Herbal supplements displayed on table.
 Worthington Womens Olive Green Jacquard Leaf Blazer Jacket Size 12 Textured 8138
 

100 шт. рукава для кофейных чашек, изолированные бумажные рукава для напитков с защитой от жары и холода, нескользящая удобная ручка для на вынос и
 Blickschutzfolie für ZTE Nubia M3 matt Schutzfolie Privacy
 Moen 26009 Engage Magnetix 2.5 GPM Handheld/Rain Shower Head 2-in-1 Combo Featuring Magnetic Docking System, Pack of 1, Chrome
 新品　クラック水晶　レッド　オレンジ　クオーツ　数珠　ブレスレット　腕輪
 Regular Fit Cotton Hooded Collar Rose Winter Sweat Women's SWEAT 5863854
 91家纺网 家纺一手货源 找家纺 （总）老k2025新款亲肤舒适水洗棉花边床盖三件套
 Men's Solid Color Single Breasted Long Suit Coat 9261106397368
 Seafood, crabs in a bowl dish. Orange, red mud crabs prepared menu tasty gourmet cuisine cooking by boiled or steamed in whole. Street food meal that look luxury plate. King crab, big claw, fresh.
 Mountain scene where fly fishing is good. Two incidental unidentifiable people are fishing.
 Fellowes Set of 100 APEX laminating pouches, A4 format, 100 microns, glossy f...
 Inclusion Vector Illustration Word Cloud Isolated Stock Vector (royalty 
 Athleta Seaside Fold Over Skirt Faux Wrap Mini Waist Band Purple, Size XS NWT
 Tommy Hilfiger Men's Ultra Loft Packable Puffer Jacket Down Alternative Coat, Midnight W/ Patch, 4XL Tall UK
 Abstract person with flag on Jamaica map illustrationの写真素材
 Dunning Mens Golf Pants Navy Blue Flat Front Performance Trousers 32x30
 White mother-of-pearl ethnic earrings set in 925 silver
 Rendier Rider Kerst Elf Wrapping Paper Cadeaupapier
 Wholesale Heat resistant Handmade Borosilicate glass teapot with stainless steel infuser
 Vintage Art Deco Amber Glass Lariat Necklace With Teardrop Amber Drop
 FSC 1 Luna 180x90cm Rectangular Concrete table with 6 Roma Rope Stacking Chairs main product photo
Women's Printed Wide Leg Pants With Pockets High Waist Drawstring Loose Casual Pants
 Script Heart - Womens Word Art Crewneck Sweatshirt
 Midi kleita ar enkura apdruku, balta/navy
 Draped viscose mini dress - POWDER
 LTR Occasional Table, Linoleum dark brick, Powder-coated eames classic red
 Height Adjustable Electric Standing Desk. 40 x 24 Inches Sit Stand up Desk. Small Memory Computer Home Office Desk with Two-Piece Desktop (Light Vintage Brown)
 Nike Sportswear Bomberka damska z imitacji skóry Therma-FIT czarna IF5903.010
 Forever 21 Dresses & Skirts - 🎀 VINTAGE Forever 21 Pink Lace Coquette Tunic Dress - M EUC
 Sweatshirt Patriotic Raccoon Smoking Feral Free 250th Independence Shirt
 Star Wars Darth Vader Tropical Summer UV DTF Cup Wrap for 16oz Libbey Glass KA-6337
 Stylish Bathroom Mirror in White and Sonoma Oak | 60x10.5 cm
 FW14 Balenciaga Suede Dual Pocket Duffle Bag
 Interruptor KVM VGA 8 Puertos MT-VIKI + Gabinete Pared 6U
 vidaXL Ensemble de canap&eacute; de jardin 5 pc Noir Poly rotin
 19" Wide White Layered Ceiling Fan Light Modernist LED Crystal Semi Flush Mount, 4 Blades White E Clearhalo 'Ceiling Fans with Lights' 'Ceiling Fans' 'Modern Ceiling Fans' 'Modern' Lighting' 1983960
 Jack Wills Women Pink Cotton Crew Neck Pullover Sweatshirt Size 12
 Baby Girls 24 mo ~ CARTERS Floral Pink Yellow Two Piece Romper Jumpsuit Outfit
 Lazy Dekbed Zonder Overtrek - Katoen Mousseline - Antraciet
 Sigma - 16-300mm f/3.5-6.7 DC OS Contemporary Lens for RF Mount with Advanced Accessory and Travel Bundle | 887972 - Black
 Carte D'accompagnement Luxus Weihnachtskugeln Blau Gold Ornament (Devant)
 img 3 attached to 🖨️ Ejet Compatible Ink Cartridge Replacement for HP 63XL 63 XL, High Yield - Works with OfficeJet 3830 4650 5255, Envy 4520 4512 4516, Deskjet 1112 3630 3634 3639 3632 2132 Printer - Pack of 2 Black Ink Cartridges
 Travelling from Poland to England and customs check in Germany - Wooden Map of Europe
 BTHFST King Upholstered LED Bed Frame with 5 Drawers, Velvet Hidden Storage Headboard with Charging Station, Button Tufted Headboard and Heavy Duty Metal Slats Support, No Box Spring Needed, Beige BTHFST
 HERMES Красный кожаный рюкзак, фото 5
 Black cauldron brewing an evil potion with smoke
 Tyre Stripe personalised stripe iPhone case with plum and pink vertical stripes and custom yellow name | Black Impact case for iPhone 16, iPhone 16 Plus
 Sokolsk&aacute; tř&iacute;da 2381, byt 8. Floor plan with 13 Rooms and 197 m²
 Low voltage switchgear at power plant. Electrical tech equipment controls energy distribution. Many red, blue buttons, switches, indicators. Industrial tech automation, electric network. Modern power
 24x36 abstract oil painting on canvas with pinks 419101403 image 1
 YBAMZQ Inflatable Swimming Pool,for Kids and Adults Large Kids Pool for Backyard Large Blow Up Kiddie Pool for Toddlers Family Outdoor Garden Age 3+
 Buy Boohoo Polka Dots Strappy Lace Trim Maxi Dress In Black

-- -- --

▸ WHAT YOU ARE ASKED TO DO
Repeat, character for character, the lines of the material above from the line with "Sokolsk&aacute; tř&iacute;da 2381, byt" through the line with "24x36 abstract oil".

▸ EXPECTED ANSWER
 Sokolsk&aacute; tř&iacute;da 2381, byt 8. Floor plan with 13 Rooms and 197 m²
 Low voltage switchgear at power plant. Electrical tech equipment controls energy distribution. Many red, blue buttons, switches, indicators. Industrial tech automation, electric network. Modern power
 24x36 abstract oil painting on canvas with pinks 419101403 image 1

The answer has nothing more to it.